Weight Loss Surgeries

Surgical Options

If you’re thinking about weight-loss surgery, you probably have lots of questions about the different types of procedures. Let us be your guide. Fairview Park Hospital’s weight-loss team of bariatric surgeons, nurses and registered dietitians can help you choose the best path for weight-loss success and can answer your questions along the way.

Restrictive Surgery

Restrictive surgeries work by shrinking the size of the stomach and slowing down digestion. A normal stomach can hold about three pints of food. After surgery, the stomach may at first hold as little as an ounce, although later that could stretch to 2-3 ounces. The smaller the stomach, the less you can eat. The less you eat, the more weight you lose.

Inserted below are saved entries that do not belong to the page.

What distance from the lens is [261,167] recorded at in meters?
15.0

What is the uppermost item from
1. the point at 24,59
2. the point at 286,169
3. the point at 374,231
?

Lap-Band® (Adjustable Gastric Banding)

Single-incision, minimally invasive

In this type of surgery, the surgeon uses an inflatable band to squeeze the stomach into two sections: a smaller upper pouch and a larger lower section. The two sections are still connected by a very small channel, which slows down the emptying of the upper pouch. Most people can only eat a 1/2 to 1 cup of food before feeling too full. You can also get the band adjusted in a doctor's office.

Gastric Sleeve

Single-incision, minimally invasive

During gastric sleeve surgery, the surgeon removes about 75% of the stomach though a minimally invasive, laproscopic procedure. What remains of the stomach is a narrow tube or sleeve, which connects to the intestines. For people who are very obese or sick, gastric sleeve is a simpler operation that gives them a lower-risk way to lose weight. If needed, once they've lost weight and their health has improved -- usually after 12 to 18 months -- they can have a second surgery, such as gastric bypass. Because the intestines aren't affected, gastric sleeve doesn't affect how your body absorbs food, so you're not likely to fall short on nutrients.

Intragastric Balloon

Minimally invasive, often same-day

During this surgery, a soft balloon is inserted into your stomach through your mouth, using an endoscope (a thin, flexible telescope). The balloon is then filled with saline solution to partially fill your stomach, leaving less room for large amounts of food or drink. A gastric balloon is designed to be a temporary weight loss solution, and will usually be removed after six months. It is sometimes used to help you lose enough weight to undergo gastric banding or gastric bypass surgery.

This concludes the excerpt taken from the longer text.